Conclusion and Future Directions:

The paper concludes that the proposed attention module based on the Transformer architecture shows promise for decoding imagined speech from EEG signals. The achieved accuracies are considered "reasonable" and highlight the potential of this technology for developing practical communication systems for individuals who cannot speak. Future work includes:

  • Developing architectures with higher performance for imagined speech.
  • Optimizing the parameters of the self-attention module to further increase performance.

Implementation Considerations:

  • Computational Resources: While Transformers can be computationally intensive, the paper suggests their architecture can reduce complexity per layer and allow for more parallelization than RNNs. The specific model size (number of layers, heads, embedding dimensions) would determine the exact requirements.
  • Data Requirements: Training deep learning models, including Transformers, typically requires substantial amounts of data. The paper used 300 trials per condition per subject.
  • Subject Variability: EEG signals are highly subject-specific. The model's performance on new subjects without subject-specific fine-tuning or transfer learning techniques would be a key challenge for practical deployment. The paper reports average accuracies, implying subject-specific models or some form of aggregation.
  • Real-time Performance: For a BCI communication system, real-time inference is critical.
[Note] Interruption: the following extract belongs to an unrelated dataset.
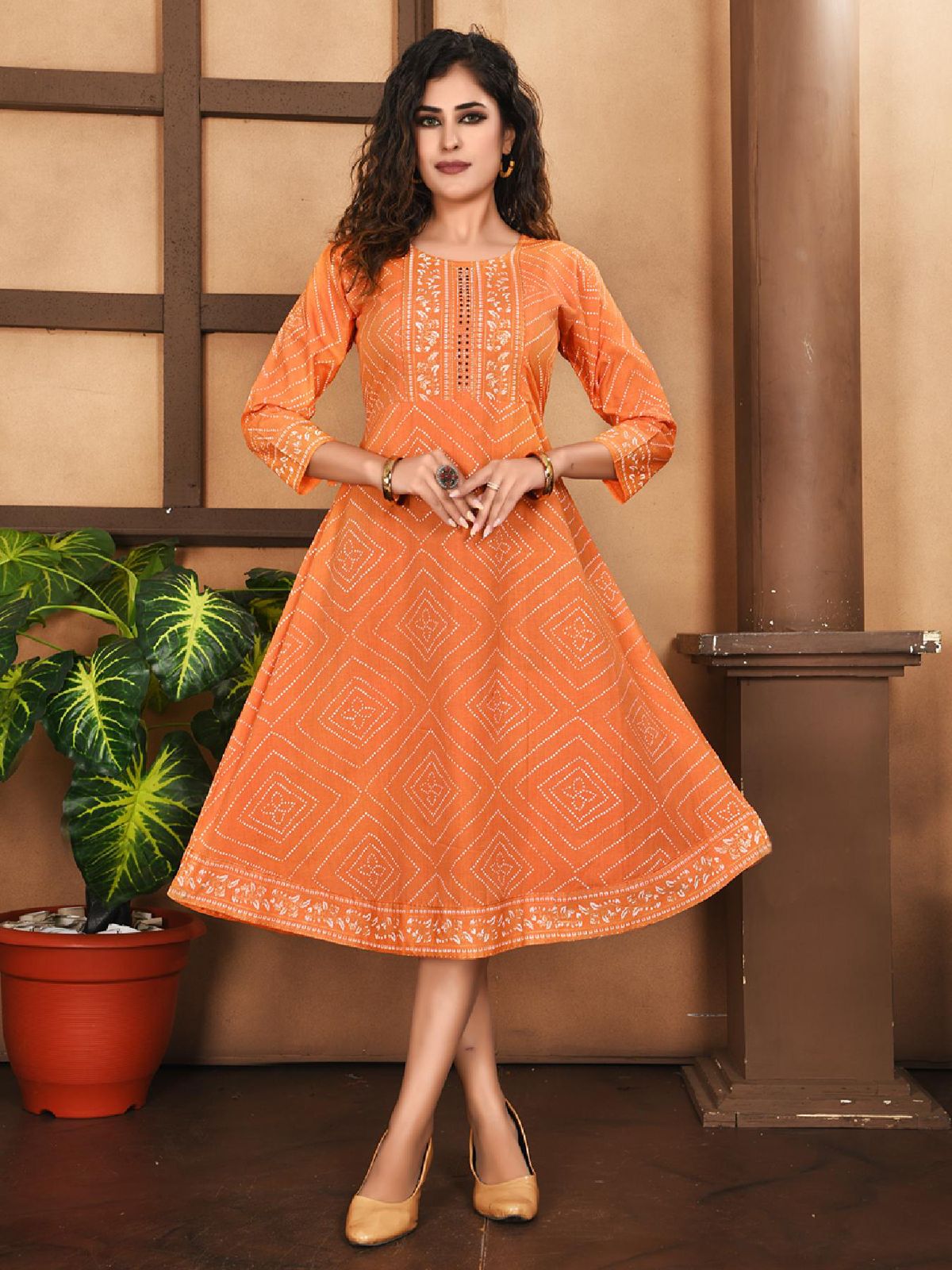Beauty Srishti Heavy Fancy Wear Wholesale Cotton Anarkali Kurtis Catalog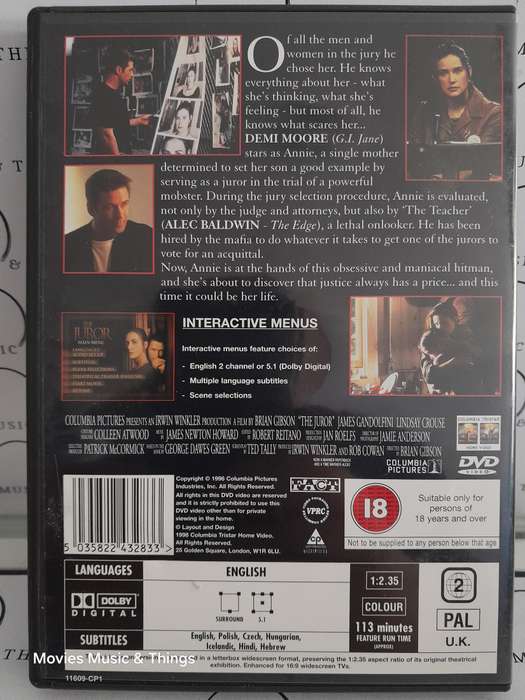 The Juror - Demi Moore (DVD)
The efficiency of the proposed EEG-Transformer, particularly the convolutional front-end and the self-attention mechanism, would need to be optimized for low-latency processing.
  • Channel Selection: The focus on 10 channels, and the mention of single-channel or ear-EEG, points towards efforts to reduce the obtrusiveness of BCI systems. Implementing systems with fewer channels simplifies hardware and improves user experience.

This work demonstrates a step towards integrating advanced deep learning architectures like Transformers into the BCI field, specifically for the challenging task of imagined speech decoding. The combination of CNN-based feature extraction with self-attention offers a powerful framework for capturing relevant spatio-temporal dynamics in EEG data.